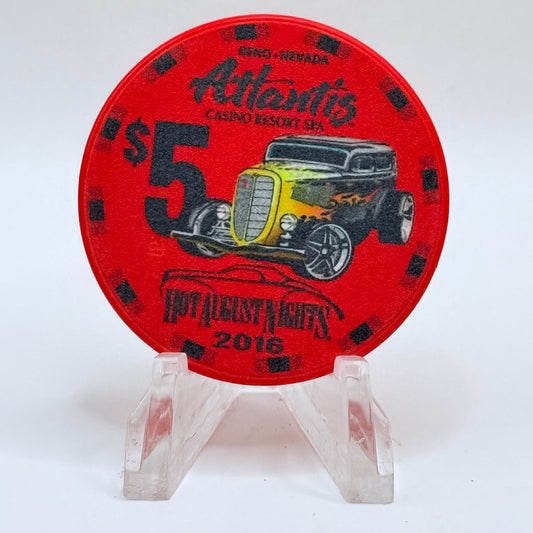 Atlantis Reno Nevada 2016 'Hot August Nights, Cruise Of Champions' LE $5 Casino Chip
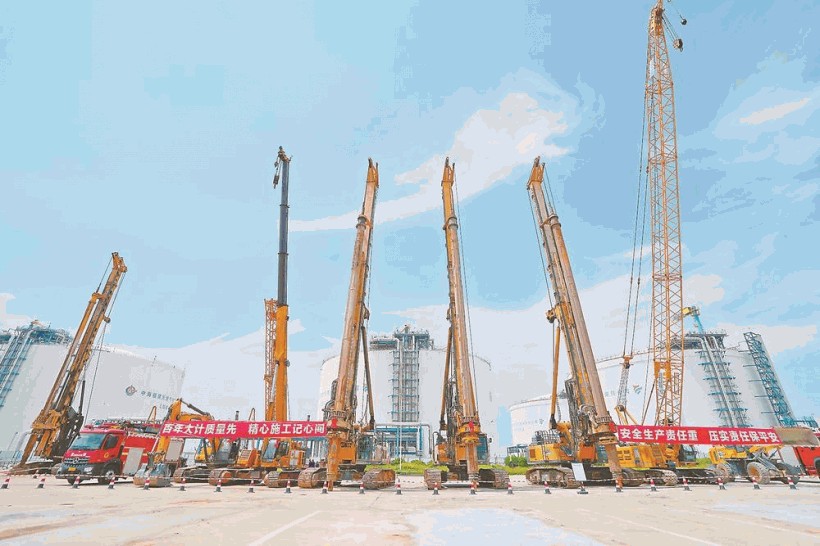 福建LNG7号储罐项目开工
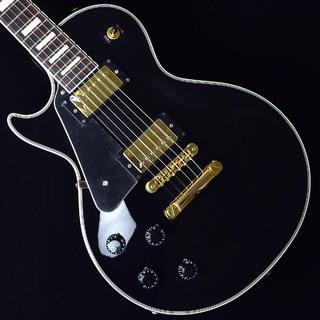 Burny RLC-60 LH BLK（ブラック）左利きモデル レスポールカスタム エレキギター レフティ レフトハンドモデル 黒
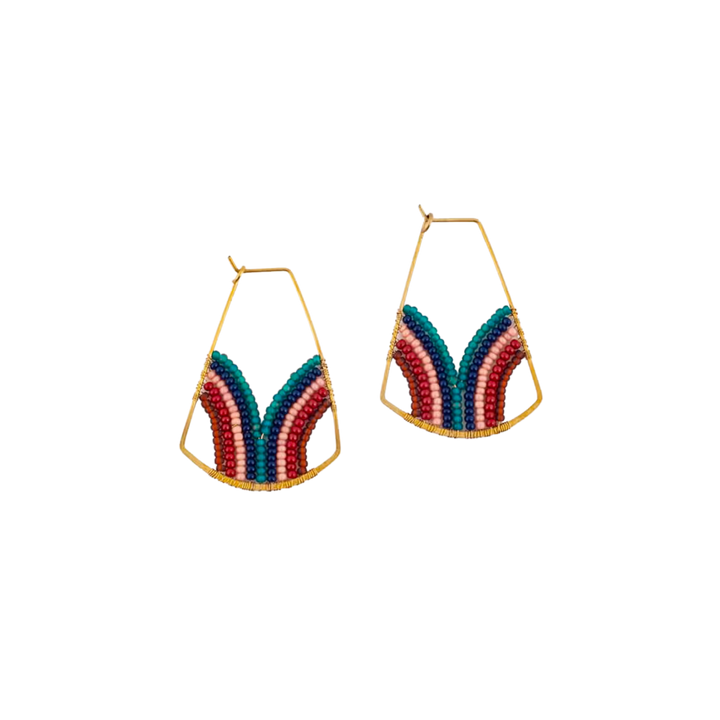 Wellspring Beaded Hoop Earrings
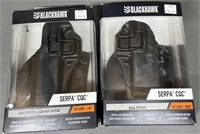 2 - BlackHawk Serpa CQC Kydex Pistol Holsters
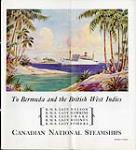 Advertising Bureau - CNR/ CN Steamships - Bermuda and the British West Indies 1931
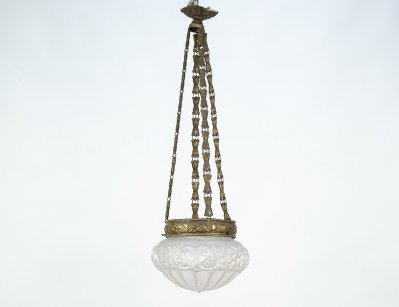Старинный светильник в стиле ар-деко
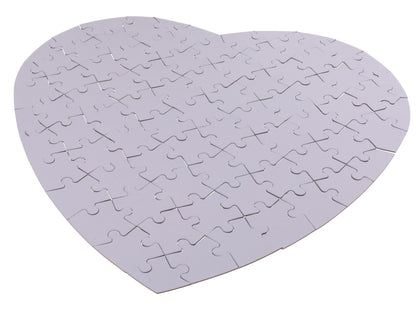 PUZZLE BIANCO, CUORE, 80 PZ. DA SCRIVERE O COLORARE, CA. 60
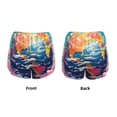 thumbnail image 3 of Balery Colorful Whimsical Earth Pantalones cortos deportivos para mujer con forro y dos bolsillos, elásticos, para entrenamiento, gimnasio, yoga-Large, 3 of 7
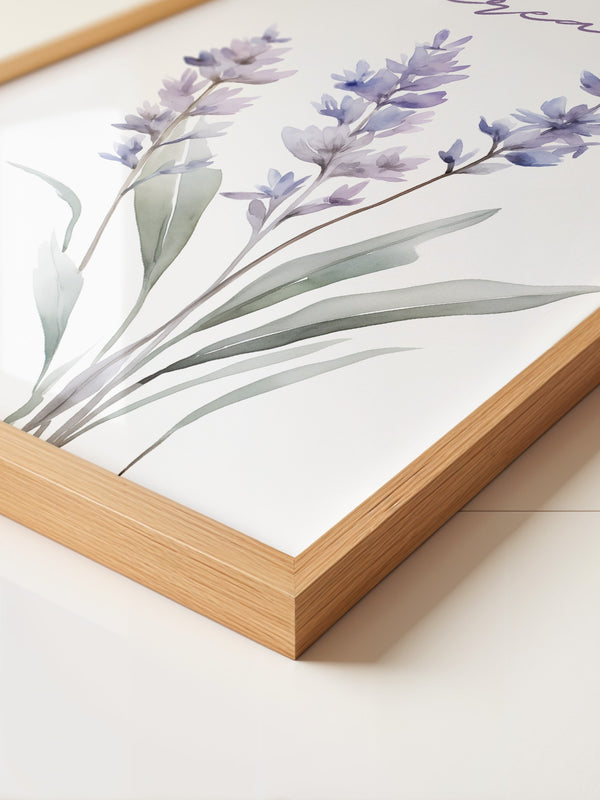 Lavendel Aquarell Pastell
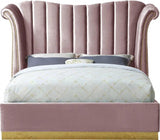 Flora Velvet Platform Bed by Meridian Furniture Meridian Furniture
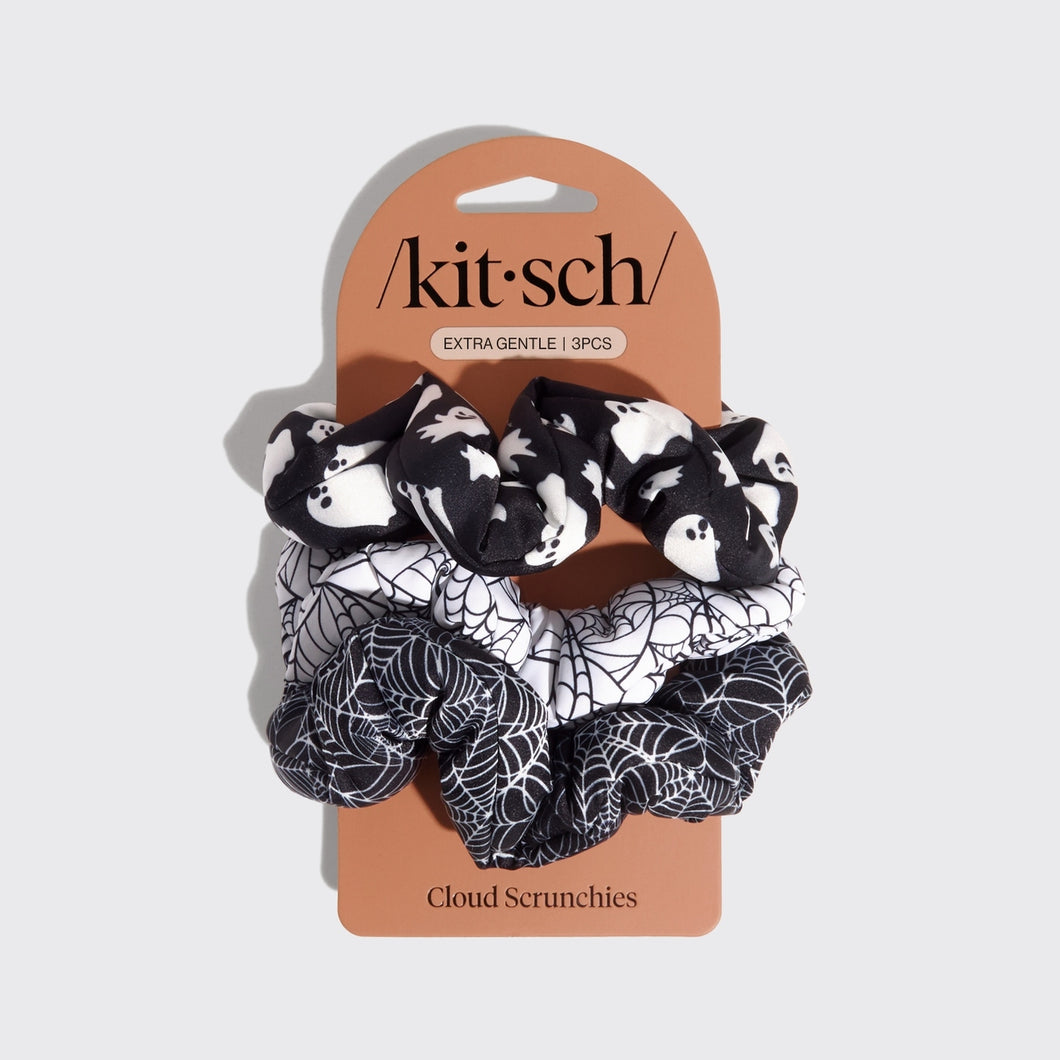 Cloud Scrunchies Set of 3- Spiderweb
++++++
**TRY IT**
Leave out all pictures and retype precisely the lines that run from the line containing "2 - BlackHawk" to the last line of the records.

**SOLUTION BELOW**
 2 - BlackHawk Serpa CQC Kydex Pistol Holsters
 Advertising Bureau - CNR/ CN Steamships - Bermuda and the British West Indies 1931
Старинный светильник в стиле ар-деко
 PUZZLE BIANCO, CUORE, 80 PZ. DA SCRIVERE O COLORARE, CA. 60
 thumbnail image 3 of Balery Colorful Whimsical Earth Pantalones cortos deportivos para mujer con forro y dos bolsillos, elásticos, para entrenamiento, gimnasio, yoga-Large, 3 of 7
 Lavendel Aquarell Pastell
 Flora Velvet Platform Bed by Meridian Furniture Meridian Furniture
 Cloud Scrunchies Set of 3- Spiderweb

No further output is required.